EXERCISE DATA ->
• • • • • • •

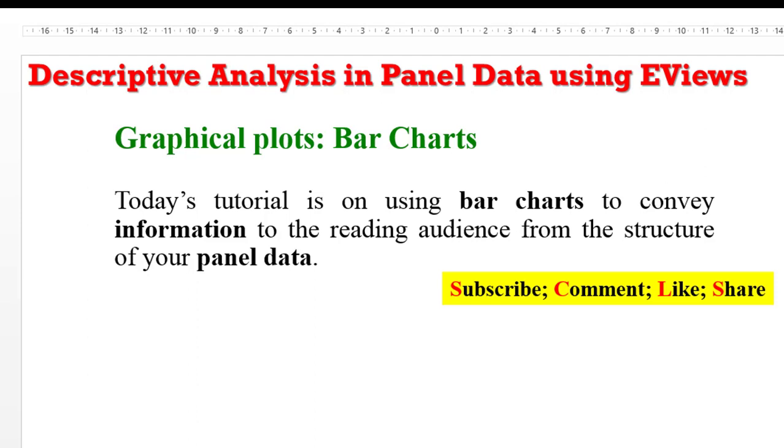Thank you for joining me once again on Crunch Econometrics. Today, still on our panel data series, I'll be showing you how you can use a bar chart to convey information from the structure of your panel data to the reading public.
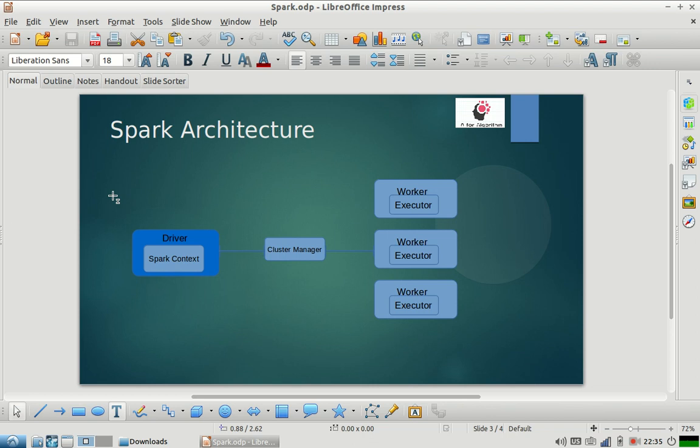Suppose I have written some logic to process some data, executors are the ones who are going to process the data. Driver is the main program which gives high-level instructions that this has to be done, that has to be done, negotiates resources, starts Spark Context, shuts down the Spark application—all that stuff is done by the driver program.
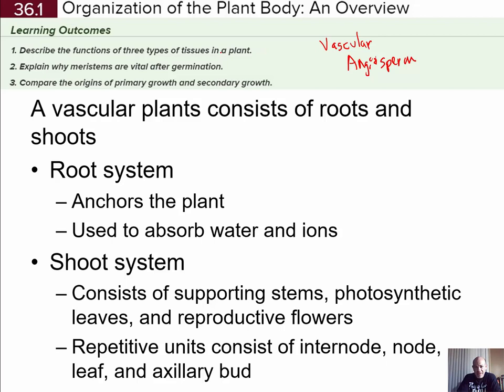The learning objectives for section one, which is an overview, include describing the functions of the basic types of plant tissues — there are three types. We'll also look at why meristems are vital to the growth and development of the plant, and examine the origins of primary growth, which is growth in the length of stems and roots, and secondary growth, which is growth in the diameter of those structures. Only certain kinds of plants can do secondary growth.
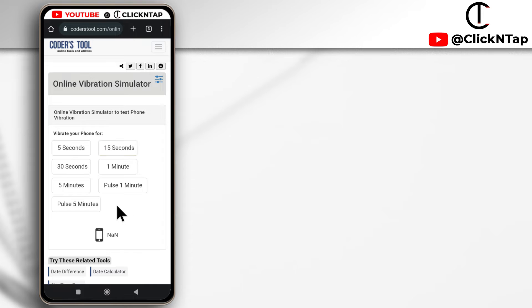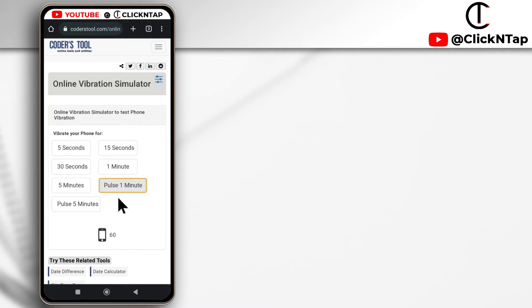You can do the pulse method as well. It's going to vibrate and stop and keep going that way. If I wanted to stop, I'll just tap outside here and it should stop.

• • • • • • •

WHAT TO WORK ON ->
Return all the material exactly, pictures excluded.

SOLVED EXERCISE ->
Thank you for joining me once again on Crunch Econometrics. Today, still on our panel data series, I'll be showing you how you can use a bar chart to convey information from the structure of your panel data to the reading public.
Suppose I have written some logic to process some data, executors are the ones who are going to process the data. Driver is the main program which gives high-level instructions that this has to be done, that has to be done, negotiates resources, starts Spark Context, shuts down the Spark application—all that stuff is done by the driver program.
The learning objectives for section one, which is an overview, include describing the functions of the basic types of plant tissues — there are three types. We'll also look at why meristems are vital to the growth and development of the plant, and examine the origins of primary growth, which is growth in the length of stems and roots, and secondary growth, which is growth in the diameter of those structures. Only certain kinds of plants can do secondary growth.
You can do the pulse method as well. It's going to vibrate and stop and keep going that way. If I wanted to stop, I'll just tap outside here and it should stop.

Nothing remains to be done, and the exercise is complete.